Toyota and Anheuser-Busch also are canceling their TV advertising with ESPN during the event, the Birmingham Post-Herald reported today. Officials with the corporations and ESPN were not immediately available to comment on the report.
Everything was running smoothly for the Aug. 9-12 PGA championship, also held at Shoal Creek in 1984, until Thompson commented recently that the club would not be pressured into accepting black members.
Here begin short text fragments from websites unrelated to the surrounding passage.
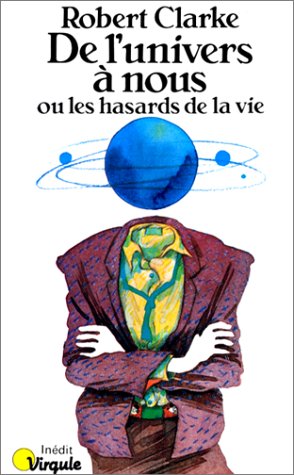 DE L'UNIVERS A NOUS OU LES HASARDS DE LA VIE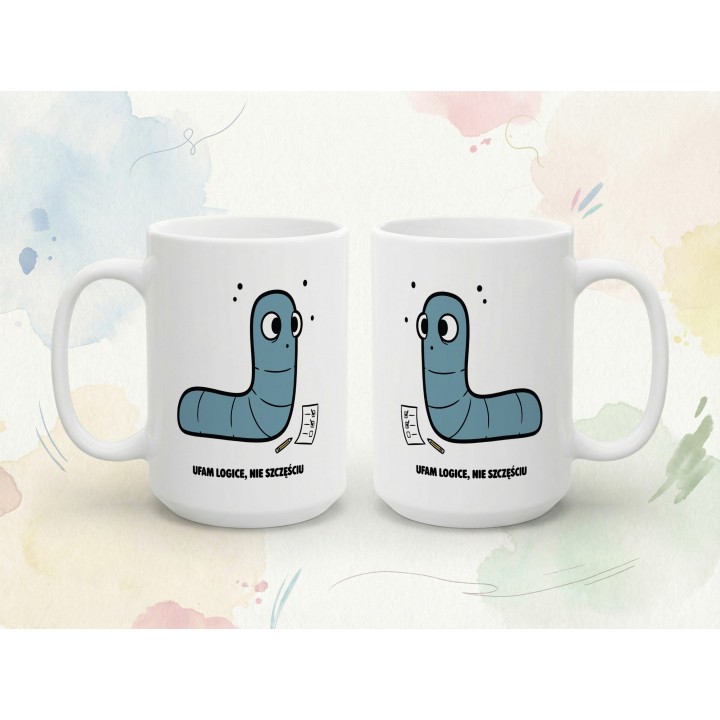 Kubek z nadrukiem Ufam logice nie szczęściu | Prezent dla analityka Robacze życie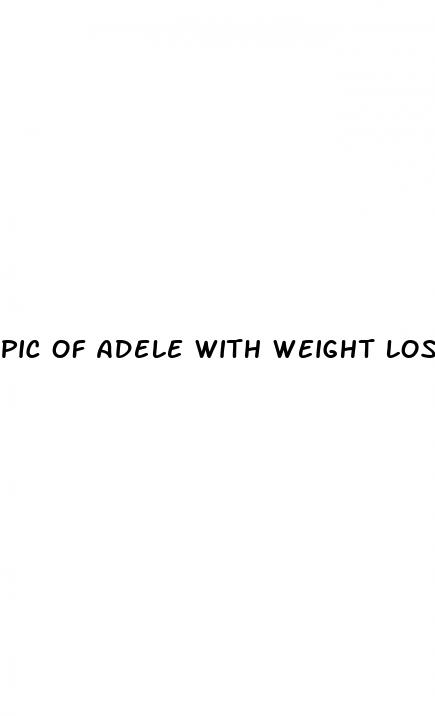 pic of adele with weight loss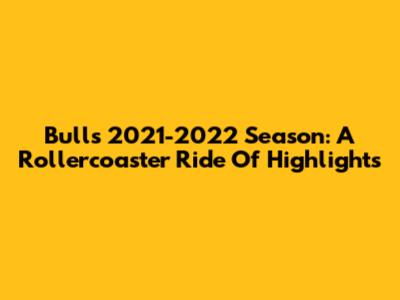 Bulls 2021-2022 Season: A Rollercoaster Ride Of Highlights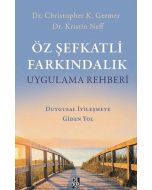 Öz Şefkatli Farkındalık Uygulama Rehberi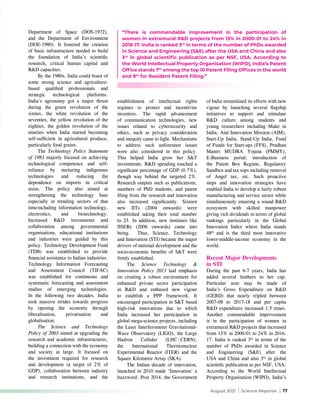 August 2021 | Science Reporter | 17
Department of Space (DOS-1972),
and the Department of Environment
(DOE-1980). It fostered the creation
of basic infrastructure needed to build
the foundation of India’s scientific
research, critical human capital and
R&D capacities.
By the 1980s, India could boast of
some strong science and agriculture-
based qualified professionals and
strategic technological platforms.
India’s agronomy got a major thrust
during the green revolution of the
sixties, the white revolution of the
seventies, the yellow revolution of the
eighties, the golden revolution of the
nineties when India started becoming
self-sufficient in agricultural produce,
particularly food grains.
The Technology Policy Statement
of 1983 majorly focused on achieving
technological competence and self-
reliance by nurturing indigenous
technologies and reducing the
dependence on imports in critical
areas. The policy also aimed at
strengthening the technology base
especially in trending sectors of that
time 
including information technology,
electronics, and biotechnology.
Increased R&D investments and
collaboration among governmental
organisations, educational institutions
and industries were guided by this
policy. Technology Development Fund
(TDB) was established to provide
financial assistance to Indian industries.
Technology Information Forecasting
and Assessment Council (TIFAC)
was established for continuous and
systematic forecasting and assessment
studies of emerging technologies.
In the following two decades, India
took massive strides towards progress
by opening the economy through
liberalisation, privatisation and
globalisation.
The Science and Technology
Policy of 2003 aimed at upgrading the
research and academic infrastructures,
building a connection with the economy
and society at large. It focused on
the investment required for research
and development (a target of 2% of
GDP), collaboration between industry
and research institutions, and the
establishment of intellectual rights
regimes to protect and incentivise
inventors. The rapid advancement
of communication technologies, new
issues related to cybersecurity and
ethics, such as privacy consideration
and inequity came to light. Mechanisms
to address such unforeseen issues
were also considered in this policy.
This helped India grow her S&T
investments. R&D spending touched a
significant percentage of GDP (0.7%),
though way behind the targeted 2%.
Research outputs such as publications,
numbers of PhD students, and patent
filing from the research and innovation
also increased significantly. Sixteen
new IITs (2004 onwards) were
established taking their total number
to 23. In addition, new institutes like
IISERs (2006 onwards) came into
being. Thus, Science, Technology
and Innovation (STI) became the major
drivers of national development and the
socio-economic benefits of S&T were
firmly established.
The Science Technology &
Innovation Policy 2013 laid emphasis
on creating a robust environment for
enhanced private sector participation
in R&D and enthused new vigour
to establish a PPP framework. It
encouraged participation in S&T based
high-risk innovations due to which
India increased her participation in
global mega-science projects, including
the Laser Interferometer Gravitational-
Wave Observatory (LIGO), the Large
Hadron Collider (LHC - CERN),
the International Thermonuclear
Experimental Reactor (ITER) and the
Square Kilometre Array (SKA).
The Indian decade of innovation,
launched in 2010 made ‘Innovation’ a
buzzword. Post 2014, the Government
of India streamlined its efforts with new
vigour by launching several flagship
initiatives to support and stimulate
R&D culture among students and
young researchers including Make in
India, Atal Innovation Mission (AIM),
Start-Up India, Stand-Up India, Fund
of Funds for Start-ups (FFS), Pradhan
Mantri MUDRA Yojana (PMMY),
E-Business portal, introduction of
the Patent Box Regime, Regulatory
Sandbox and tax sops including removal
of Angel tax, etc. Such proactive
steps and innovation strategies have
enabled India to develop a fairly robust
manufacturing and service sector while
simultaneously ensuring a sound R&D
ecosystem with skilled manpower
giving rich dividends in terms of global
rankings particularly in the Global
Innovation Index where India stands
48th
and is the third most innovative
lower-middle-income economy in the
world.
Recent Major Developments
in STI
During the past 6-7 years, India has
added several feathers to her cap.
Particular note may be made of
India’s Gross Expenditure on R&D
(GERD) that nearly tripled between
2007-08 to 2017-18 and per capita
R&D expenditure increased 1.5 times.
Another commendable improvement
is in the participation of women in
extramural R&D projects that increased
from 13% in 2000-01 to 24% in 2016-
17. India is ranked 3rd
in terms of the
number of PhDs awarded in Science
and Engineering (S&E) after the
USA and China and also 3rd
in global
scientific publication as per NSF, USA.
According to the World Intellectual
Property Organisation (WIPO), India’s
“There is commendable improvement in the participation of
women in extramural R&D projects from 13% in 2000-01 to 24% in
2016-17. India is ranked 3rd
in terms of the number of PhDs awarded
in Science and Engineering (S&E) after the USA and China and also
3rd
in global scientific publication as per NSF, USA. According to
the World Intellectual Property Organisation (WIPO), India’s Patent
Office stands 7th
among the top 10 Patent Filing Offices in the world
and 9th
for Resident Patent Filing.”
He later apologized and said he was quoted out of context.
Thompson has refused to comment since his apology, as have other club members.
Chew-Holman would not say how much money International Business Machines had planned to spend on television advertising during the tournament, which will be televised for two days by ESPN and carried by ABC for the final two days.
Leaders of the Southern Christian Leadership Conference and the NAACP have urged picketing of the tournament.
Mayor Richard Arrington, who is black, says he hopes black leaders decide against demonstrations.
″I don’t think they will be necessary to bring about the change being sought,″ he said.
Publicity over Shoal Creek has ″started a process of assessment which will likely lead to the voluntary end of racial discrimination″ in Birmingham area country clubs in a year or so, Arrington said.